Anomaly Detection in Industrial Data
Anomaly Detection: How Does the System Know Something Is Wrong?
Imagine listening to the sound of a motor every day — after a while, you would instantly recognize any abnormal change in the sound even if you cannot describe it in words. Your brain learned the "normal pattern" and any deviation triggers your attention.
Anomaly Detection is the same concept but expressed mathematically — teaching a computer what "normal" looks like and then alerting us when something unexpected occurs.
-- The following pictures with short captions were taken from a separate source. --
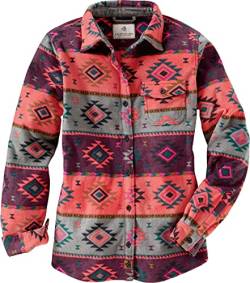 Legendary Whitetails Damen Trail Guide Fleece-Hemd mit Knopfleiste Button-Down-Shirt, Coral Print, Mittel von Legendary Whitetails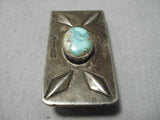 Unique Vintage Native American Navajo Pilot Mountain Sterling Silver Money Clip Old-Nativo Arts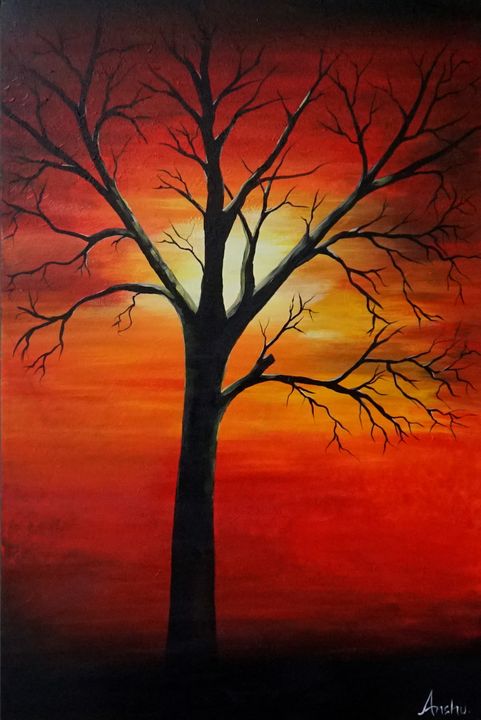 Sun sets, for moon to rise - Wall Narrations - Paintings & Prints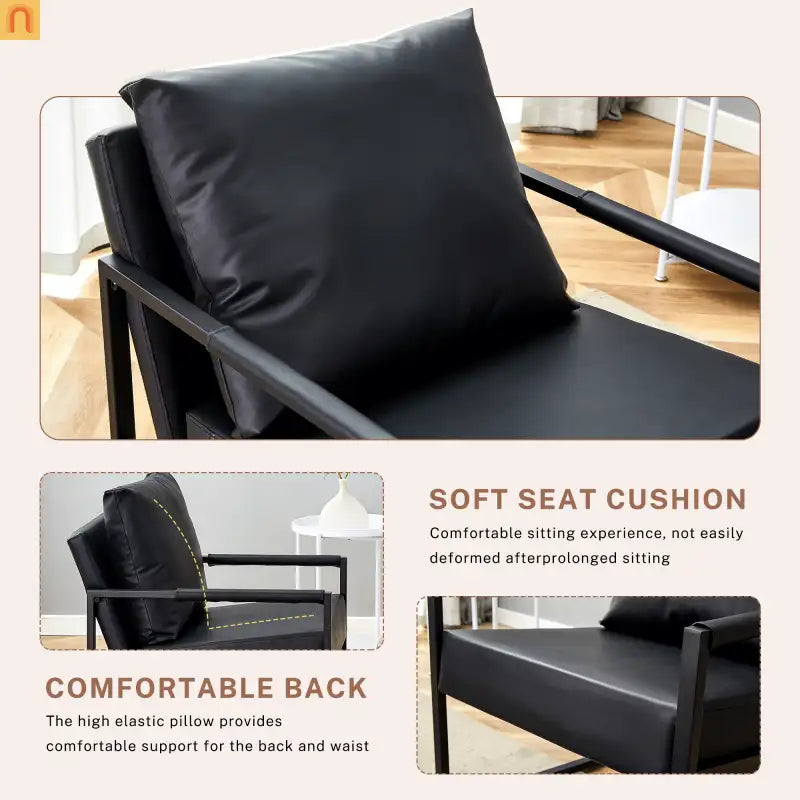Chair Modern Industrial PU Leather Black Metal Frame 27in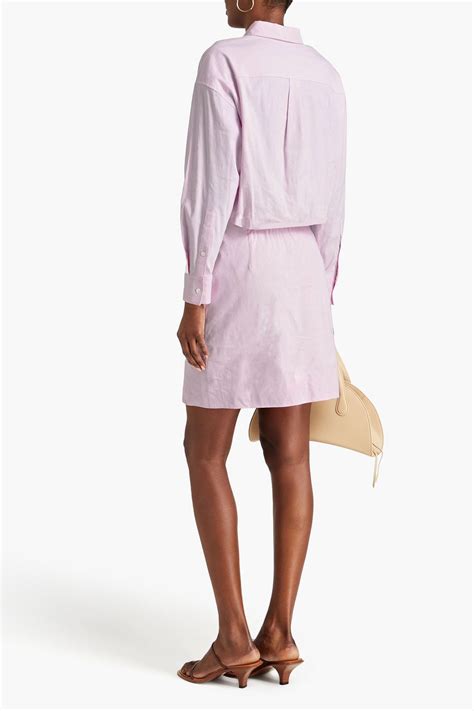 Theory Linen Blend Mini Shirt Dress The Outnet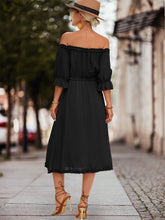 Load image into Gallery viewer, Frilled Off-Shoulder Flounce Sleeve Dress
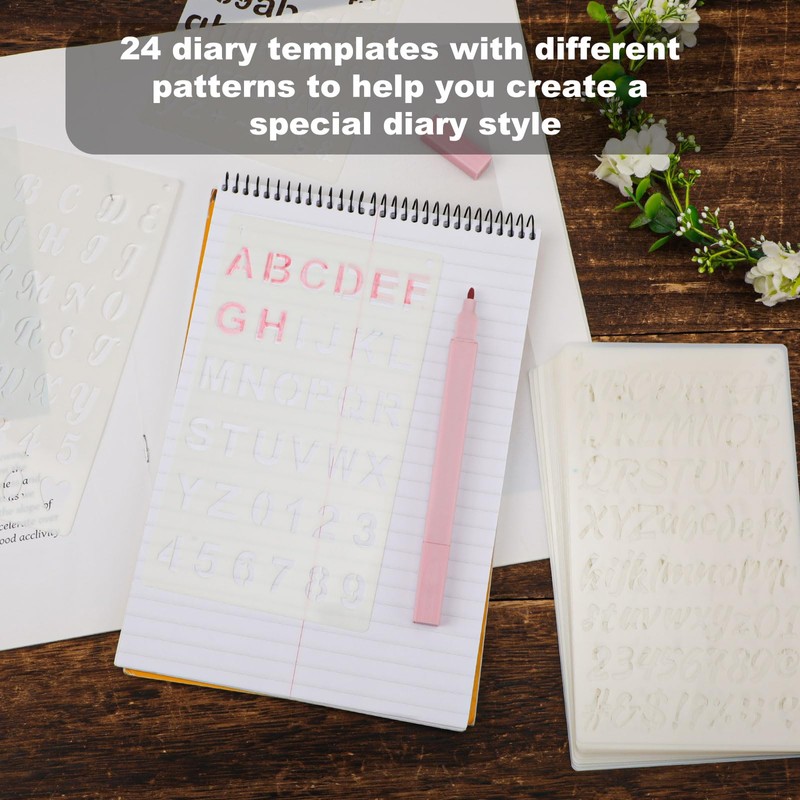 24pcs Calligraphy Stencil Kit, Various Shapes Letters Numbers Patterns Common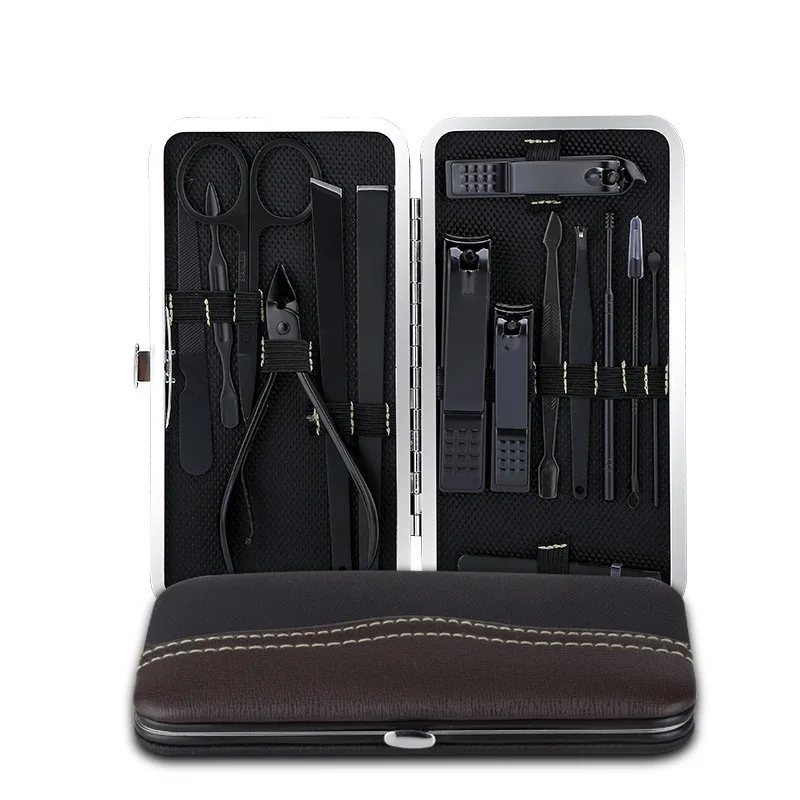 15pcs Multifunctional Black Nail Clippers Sets Stainless Steel Cutter Kit with
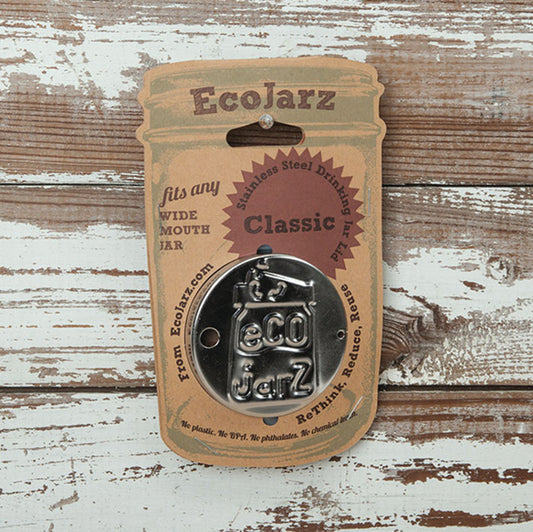 Classic Drinking Jar Lid: Wide-Mouth, Stainless Steel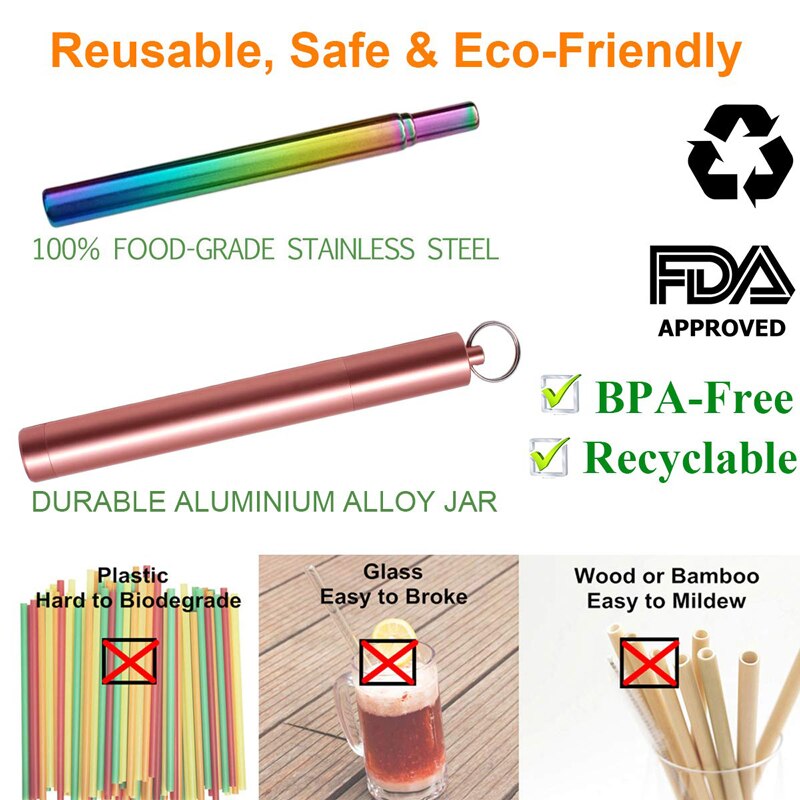 Paille télescopique en métal, réutilisable, pliable, portable, en acier inoxydable, avec brosse et étui pour les voyages en extérieur
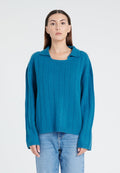 Pull col claudine femme en cachemire 6 fils bleu roi - ZAYA 17
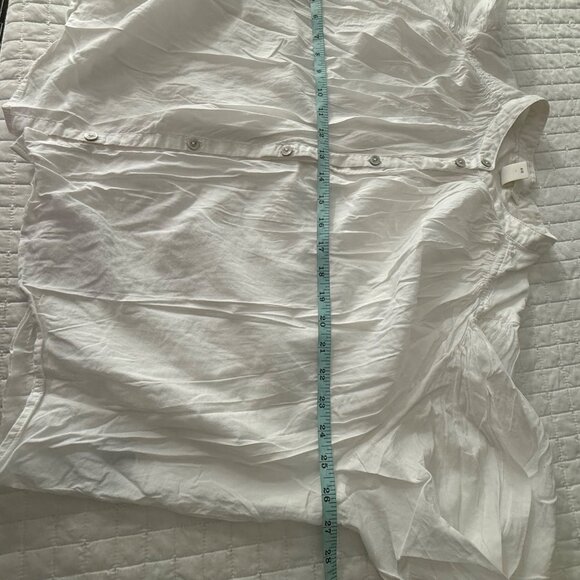 H&M Womens Pleated White Blouse Medium Button-Up Long-Sleeve - Picture 8 of 13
In factories, this means detecting equipment faults before they cause costly downtime.
Classical Statistical Methods
The simplest and oldest anomaly detection techniques rely on statistics — no AI or neural networks required.
Z-Score Method
Measures how far a reading deviates from the mean relative to the standard deviation:
import numpy as np
def z_score_detection(data, threshold=3.0):
"""
Anomaly detection using Z-Score.
Rule: any reading more than 3 standard deviations from the mean = anomaly
"""
mean = np.mean(data)
std = np.std(data)
if std == 0:
return [] # No variance in data
anomalies = []
for i, value in enumerate(data):
z = abs(value - mean) / std
if z > threshold:
anomalies.append({
"index": i,
"value": value,
"z_score": z,
"direction": "high" if value > mean else "low"
})
return anomalies
# Motor vibration data (mm/s RMS)
vibration_data = [2.1, 2.3, 2.0, 2.2, 2.1, 2.4, 2.0, 8.5, 2.2, 2.1, 2.3, 9.1]
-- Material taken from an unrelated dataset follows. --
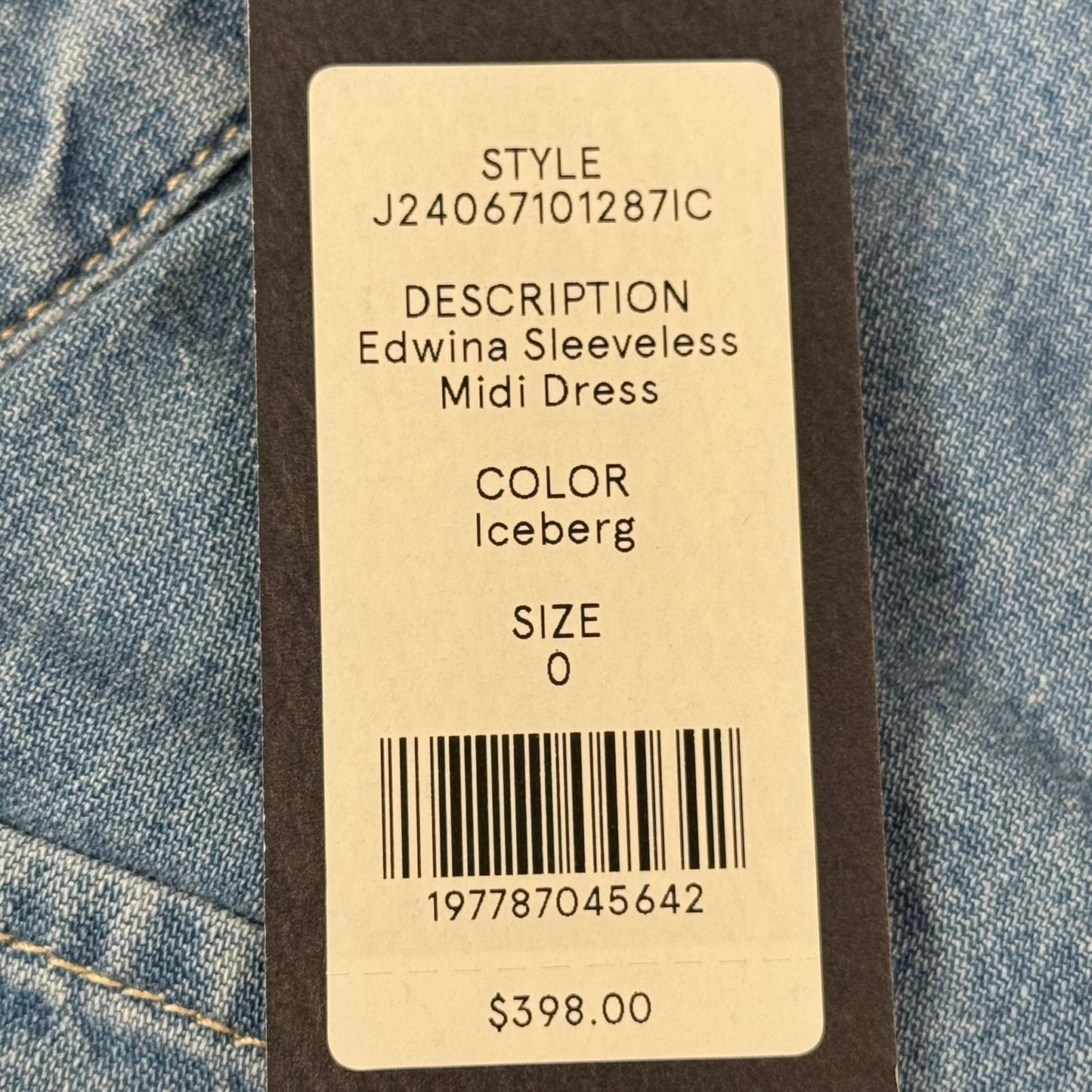 VERONICA BEARD Jeans Edwina Sleeveless Midi Dress Sz-0 Iceberg J24067101287IC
anomalies = z_score_detection(vibration_data)
for a in anomalies:
print(f"Anomaly at index {a['index']}: value={a['value']} (Z={a['z_score']:.1f}, {a['direction']})")
When to Use Z-Score:
- Data follows a normal (Gaussian) distribution
- You need quick and simple detection
- Sensors measure a stable physical quantity (steady temperature, steady pressure)
Interquartile Range (IQR) Method
More resistant to the outliers themselves — it is not skewed by them the way the mean is:
def iqr_detection(data, factor=1.5):
"""
Anomaly detection using Interquartile Range.
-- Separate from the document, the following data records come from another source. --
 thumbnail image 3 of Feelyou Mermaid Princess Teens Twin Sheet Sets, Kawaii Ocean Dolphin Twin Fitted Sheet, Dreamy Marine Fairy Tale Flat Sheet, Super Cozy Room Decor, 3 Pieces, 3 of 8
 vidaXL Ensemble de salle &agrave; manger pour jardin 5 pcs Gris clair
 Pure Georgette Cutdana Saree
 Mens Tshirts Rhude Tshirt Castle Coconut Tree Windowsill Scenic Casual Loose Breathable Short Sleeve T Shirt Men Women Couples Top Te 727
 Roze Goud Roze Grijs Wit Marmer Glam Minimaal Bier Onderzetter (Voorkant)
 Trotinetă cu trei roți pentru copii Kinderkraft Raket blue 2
Less affected by extreme values compared to Z-Score.
"""
q1 = np.percentile(data, 25)
q3 = np.percentile(data, 75)
iqr = q3 - q1
lower_fence = q1 - factor * iqr
upper_fence = q3 + factor * iqr
anomalies = []
for i, value in enumerate(data):
if value < lower_fence or value > upper_fence:
anomalies.append({
"index": i,
"value": value,
"lower_fence": lower_fence,
"upper_fence": upper_fence
})
return anomalies
# Pressure data (bar) with anomalies
pressure = [4.2, 4.3, 4.1, 4.4, 4.0, 4.3, 1.2, 4.2, 4.5, 4.1, 7.8, 4.3]
results = iqr_detection(pressure)
print(f"Anomalies detected: {len(results)}")
| Method | Advantages | Disadvantages | Best Use |
|---|---|---|---|
| Z-Score | Simple, fast | Assumes normal distribution | Stable data, single dimension |
| IQR | Resistant to extremes | Less sensitive | Non-normally distributed data |
| Modified Z-Score (MAD) | Best of both | Slightly slower | General industrial data |
Isolation Forest
Imagine trying to isolate a single point from a group — normal points are surrounded by similar ones and require many steps to isolate. But an anomalous point is already isolated, so one or two steps suffice.
Isolation Forest builds random trees and measures how many steps are needed to isolate each point — fewer steps means higher probability of being anomalous:
from sklearn.ensemble import IsolationForest
import numpy as np
class IndustrialAnomalyDetector:
"""Industrial anomaly detector using Isolation Forest"""
def __init__(self, contamination=0.05):
"""
contamination: expected proportion of anomalies (5% default)
"""
self.model = IsolationForest(
n_estimators=200, # Number of trees
contamination=contamination,
random_state=42,
n_jobs=-1 # Use all processors
)
def fit(self, normal_data):
"""Train on normal operating data"""
self.model.fit(normal_data)
def detect(self, new_data):
"""Detect anomalies in new data"""
# predict: 1 = normal, -1 = anomaly
predictions = self.model.predict(new_data)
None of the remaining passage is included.